Mentoring the students in Kingscourt were Lorraine Hickey, Michelle Hough, and Megan O’ Brien.

In Virginia, transition year students Emily Murphy and Grainne Walsh, mentored by Dr Miriam Nugent, examined 'How do the senses combine to influence taste?', deriving their project from Home Economics Class, where they tried different brands of the same food.

St Bricin's College in Belturbet last won the National Young Scientist award in 1984 when Seamus Fitzpatrick, Siobhan Murray and Geraldine Nicholl under the guidance of teacher Tommie McMahon took an agricultural project to the finals.

This year the mantle has been passed onto separate groups of students exploring two very topical projects, titled ‘Facebook Depression, is it Real?’ and ‘Border Towns and Brexit’.

Kayleigh Brady, Marina Lago and Paula Ivanova, make up the group working on Facebook Depression, is it Real? This project is about the effects of social media use on teenage moods, with second group comprising of Ciaran Egan, Kamil Podgajney and Jake Rodgers. Their project is based around the Brexit process and specifically how it will affect our local area and the border with Northern Ireland.

Finally, a group of students at Breifne College are examining the thoughts and opinions of parents and students at their school on the issue of gender neutral toilets. For their project they used surveys to calculate what people thought about the initiative.

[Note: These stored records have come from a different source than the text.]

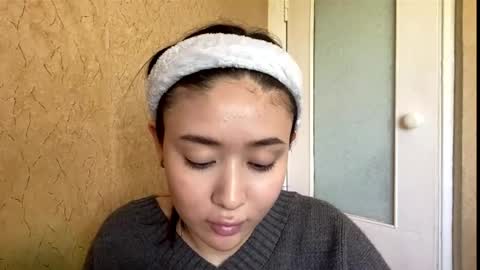 Mila online show from May 13, 12:00 pm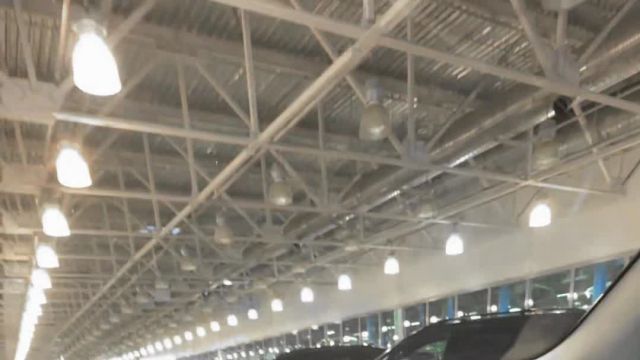 25.12 LH65806 BMW X5.MOV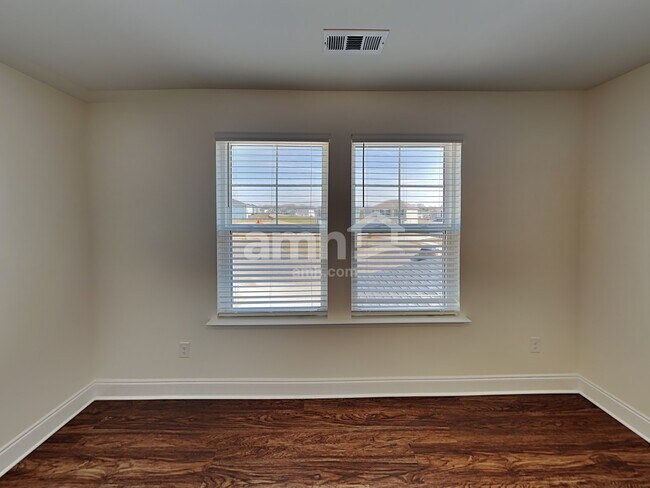 Building Photo - 1360 Lomond Dr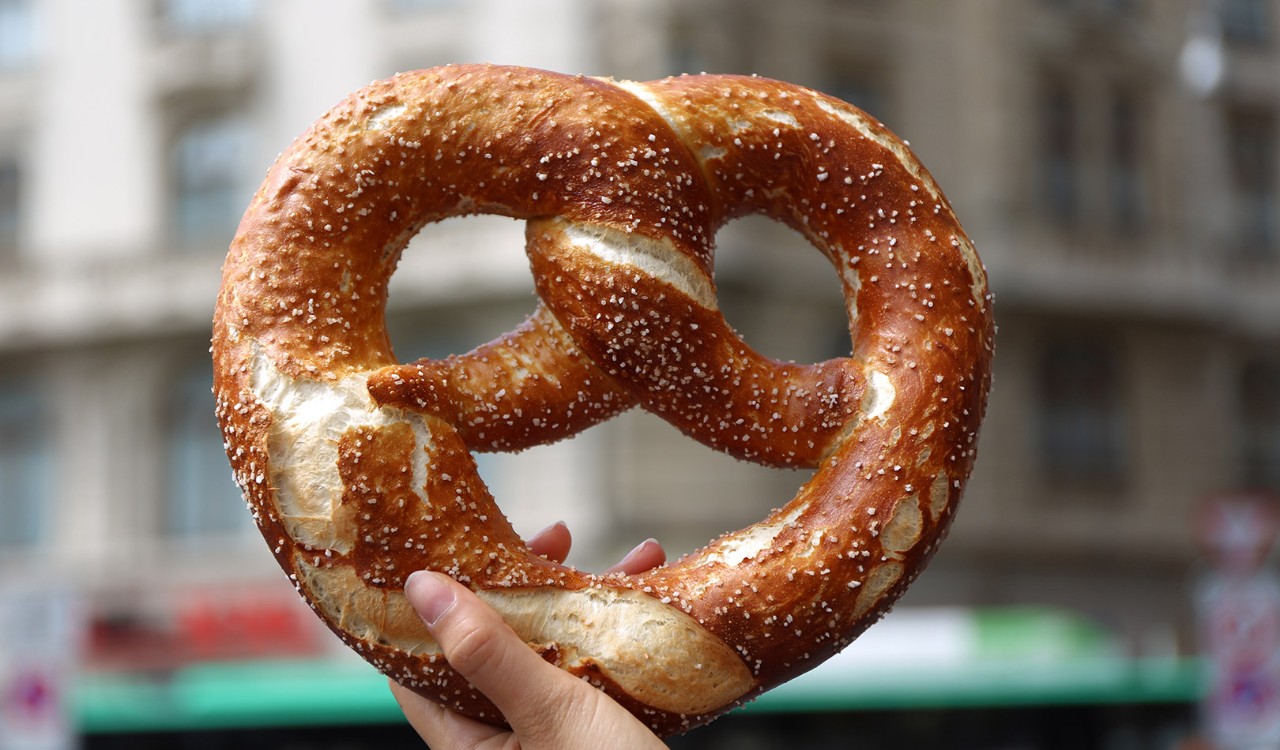 Pretzel kringle er en tradisjonell bakst i Tyskland. Traditional Pretzel pastry in Germany.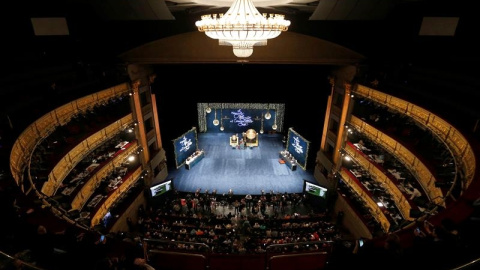 Vista general del Teatro Real momentos antes de que dé comienzo el Sortero de la Lotería de Navidad. EFE/Juan Carlos Hidalgo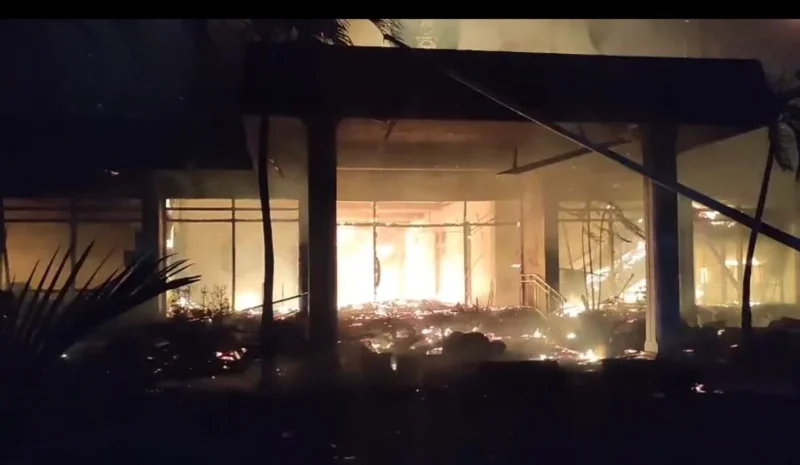 Kobaran api membumbung tinggi di Gedung DPRD Kota Kediri, Sabtu (30/8/2025). (Dok-Istimewa)
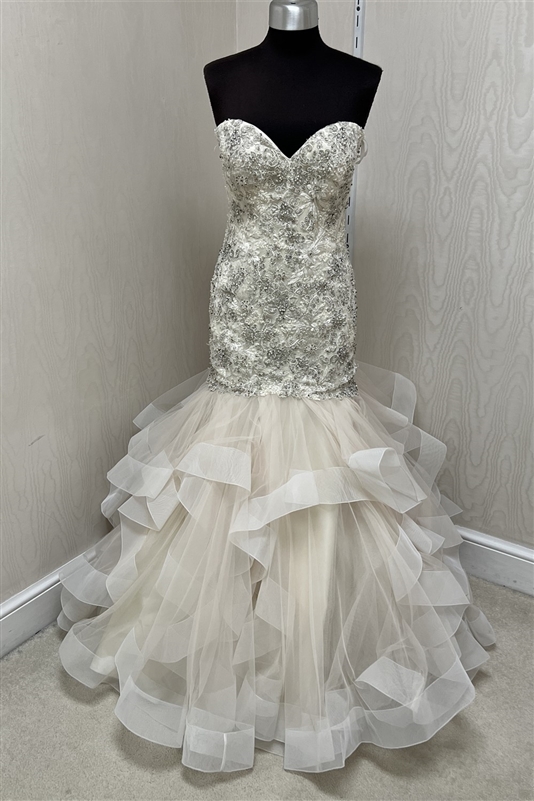 Allure Bridal Style 9421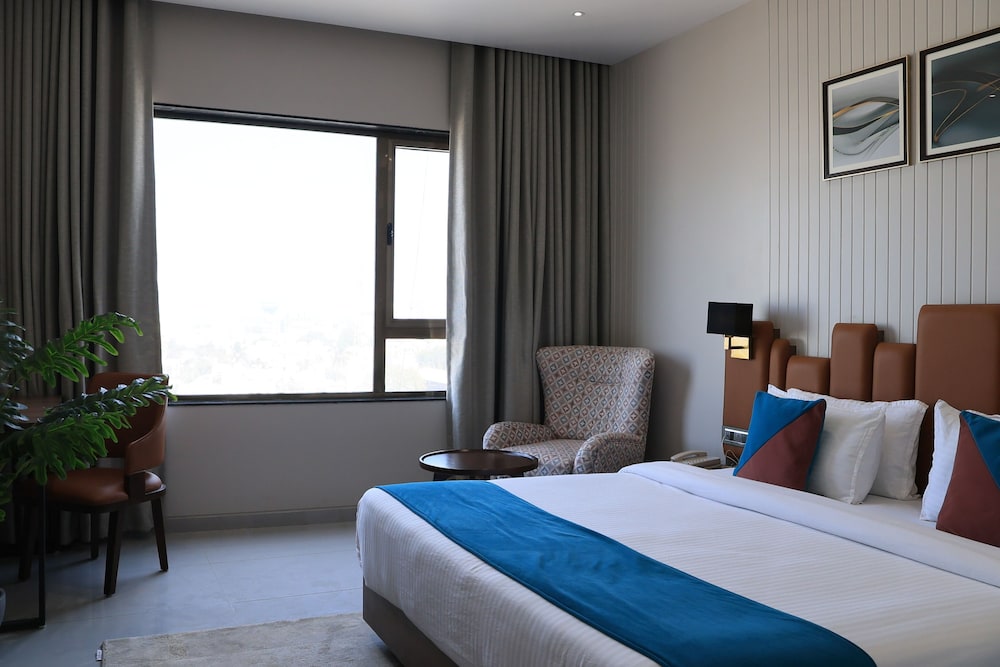 Deluxe Room - Photo 4
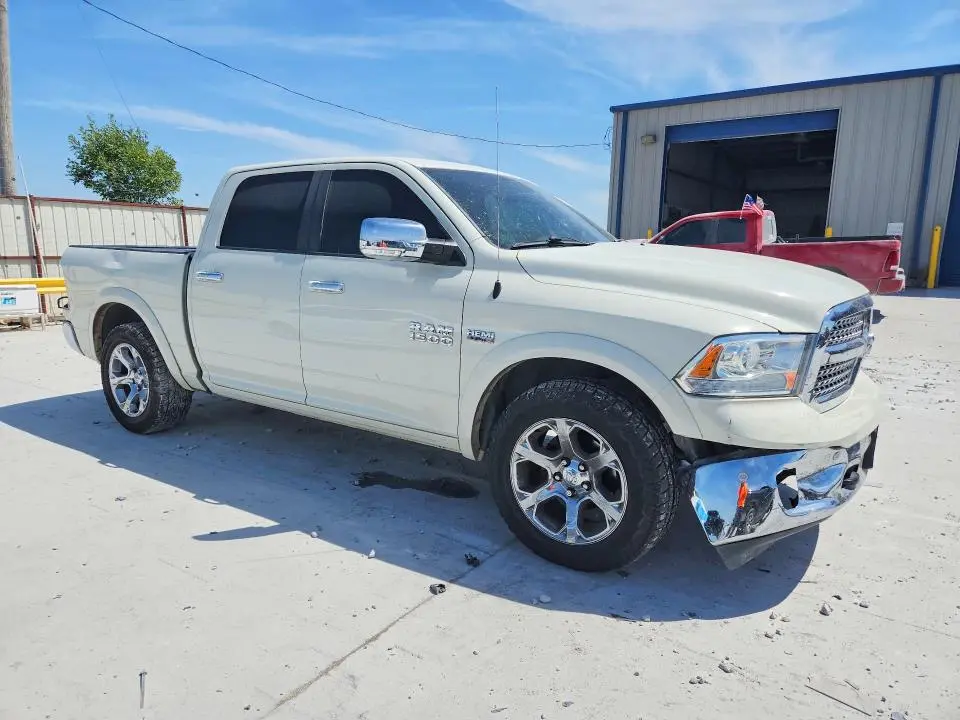 2016 RAM 1500 LARAMIE  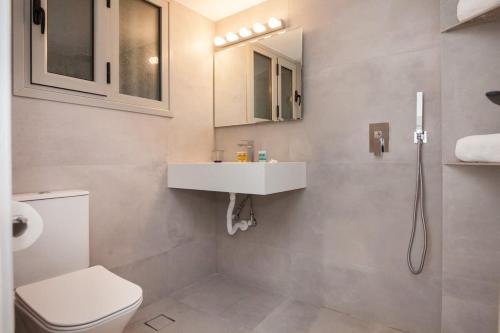 Modern new Comfort 2 Bd apt In Athens Centre - image 3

The exhibition, now in its 54th year, is expected to be attended by more than 50,000 people throughout the week.

As well as the shortlisted student projects on display, there are a further four exhibition halls filled with cutting-edge science and technology-based exhibits and entertainment.

Final judging takes place later today, with Young Scientist or Scientists of the year being crowned at a grand ceremony which in the BT Arena of the exhibition hall, starting from 5.30pm.